Hay algo profundamente perturbador en constatar cómo la política se ha vaciado de ética, y cómo ese vacío se ha llenado con estrategias de manipulación, desinformación y engaño sin pudor. Hoy, muchos políticos y políticas parecen dispuestos a hacer lo que sea con tal de alcanzar una cuota más de poder, de notoriedad o de protagonismo mediático.
La decencia ha dejado de ser una condición para la vida pública. Ya no se espera que quien ostenta un cargo político sea ejemplo de integridad, responsabilidad o verdad. Se tolera –y en algunos casos hasta se aplaude– que se mienta, se oculte, se difame. Lo importante es ganar.

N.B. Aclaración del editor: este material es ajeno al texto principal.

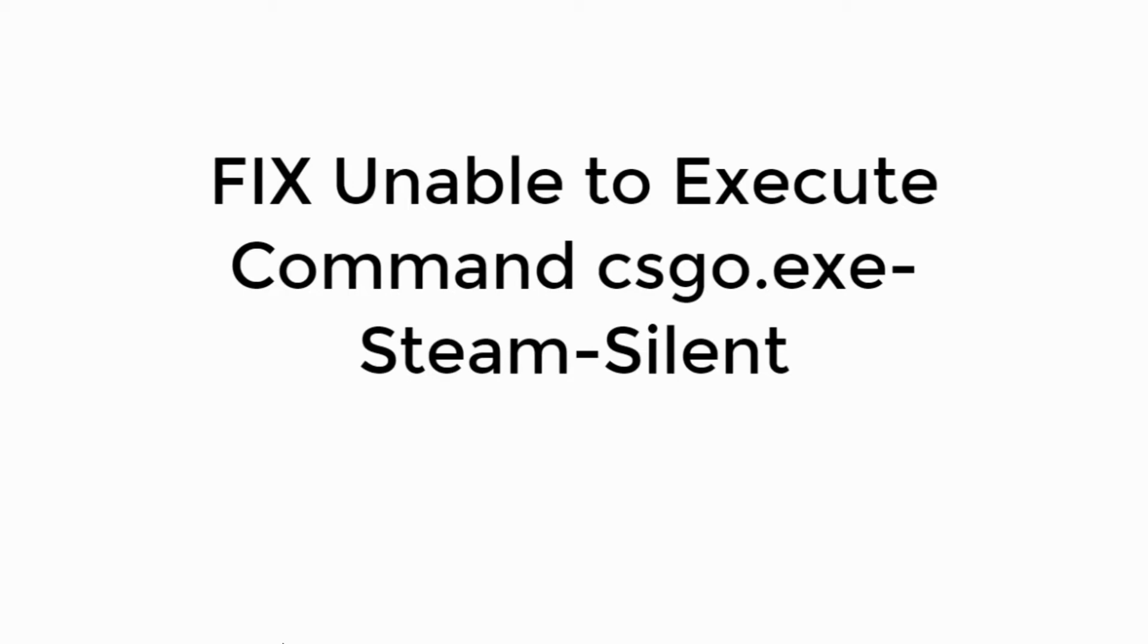In this video, we will fix unable to execute command csgo.exe-steam-silent. So let's begin.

En otro tiempo, la política era también palabra. Palabra en el sentido más noble: oratoria con contenido, debate con argumentos, ironía inteligente. Hoy se ha sustituido la palabra por el grito, el argumento por el ataque, y la discrepancia legítima por la descalificación. El adversario político ha sido degradado al estatus de enemigo, como si la política fuese un campo de batalla y no un espacio para la convivencia democrática. Se utilizan lenguajes bélicos, se crean bandos, se propaga odio. Y todo ello se justifica como parte del juego. Un juego sucio, sin reglas ni árbitros, en el que el fin justifica cualquier medio.
Pero quizá una de las formas más graves y simbólicas de esta degradación es el falseamiento de los méritos académicos. No es una anécdota. No es un error administrativo. Es una forma de mentir estructural, premeditada, con el fin de construir una imagen de capacidad, de preparación, de excelencia que no se tiene, pero que se quiere exhibir. El engaño académico es una bofetada a quienes han dedicado años de estudio, sacrificio y trabajo para conseguir sus títulos con honestidad. Es una afrenta a las universidades. Es, además, un desprecio absoluto al mérito, esa palabra que tanto esgrimen pero tan poco practican.
Y lo más grave no es que se descubran estos engaños, sino lo que ocurre después. Porque, cuando se destapa la mentira, no suele haber una asunción real de responsabilidades. Se trata de justificar con nuevas mentiras. En el mejor de los casos, se presenta una dimisión calculada, que se transforma en un nuevo puesto, una nueva tribuna, un lugar donde seguir mintiendo y cobrando. Como si mentir no tuviera consecuencias. Como si el descrédito no les alcanzase. Y es que no hay regeneración posible si el sistema sigue premiando a quien engaña, si los partidos siguen protegiendo a quien daña su imagen, si los medios siguen invitando a tertulias a quienes han demostrado su falta de escrúpulos.
Este fenómeno no es patrimonio de unas siglas concretas. No es exclusivo de la derecha o de la izquierda. No se trata de ideología, sino de ética. De una ética que debería ser transversal, que debería exigirse con igual firmeza en todos los espacios de la vida pública.
Resulta especialmente obsceno cómo algunos políticos utilizan a la Universidad como institución de prestigio, de saber y de reconocimiento social, mientras al mismo tiempo la degradan con políticas mercantilistas, con infrafinanciación crónica, con desprecio hacia su función crítica y emancipadora. La Universidad se utiliza para subir escalones en la carrera de la vanidad. Pero cuando se trata de protegerla, de garantizar su autonomía, de asegurar condiciones dignas para su profesorado o de defender su papel en la construcción de ciudadanía, entonces la Universidad molesta.
Y así, se va erosionando no solo la credibilidad de la política, sino también la de la Universidad, la de los medios de comunicación que sostienen estos relatos, y la de la propia sociedad. Todo vale. Todo se compra. Todo se justifica. Como si el cinismo fuese una virtud y la ética, una debilidad.
El problema de fondo es que hemos rebajado el listón de la exigencia. Que hemos permitido que nos gobiernen personas que no respetan las reglas del juego, que confunden la astucia con la inteligencia y el cinismo con la sagacidad. Personas que hacen suya, con alarmante literalidad, la máxima de Maquiavelo: el fin justifica los medios.
La pregunta que inevitablemente nos hacemos es: ¿cuál será el siguiente paso? ¿Qué nuevas formas de engaño, de artificio, de impostura nos esperan? Mejor no imaginarlo. Porque, visto lo visto, lo superarán.
Por eso urge recuperar una política decente. No perfecta, pero sí honesta. No infalible, pero sí comprometida con la verdad y el respeto. Una política que no nos avergüence. Una política en la que mentir no sea una estrategia, sino una causa de destitución. Y en la que la ciudadanía no sea espectadora resignada, sino parte activa de la exigencia democrática. Porque si no lo hacemos, estaremos alimentando el mejor caldo de cultivo para quienes precisamente desprecian todo lo que representa la libertad, la democracia y la equidad. Y entonces ya no se tratará solo de una crisis ética, sino de una amenaza real al modelo de sociedad que decimos querer defender.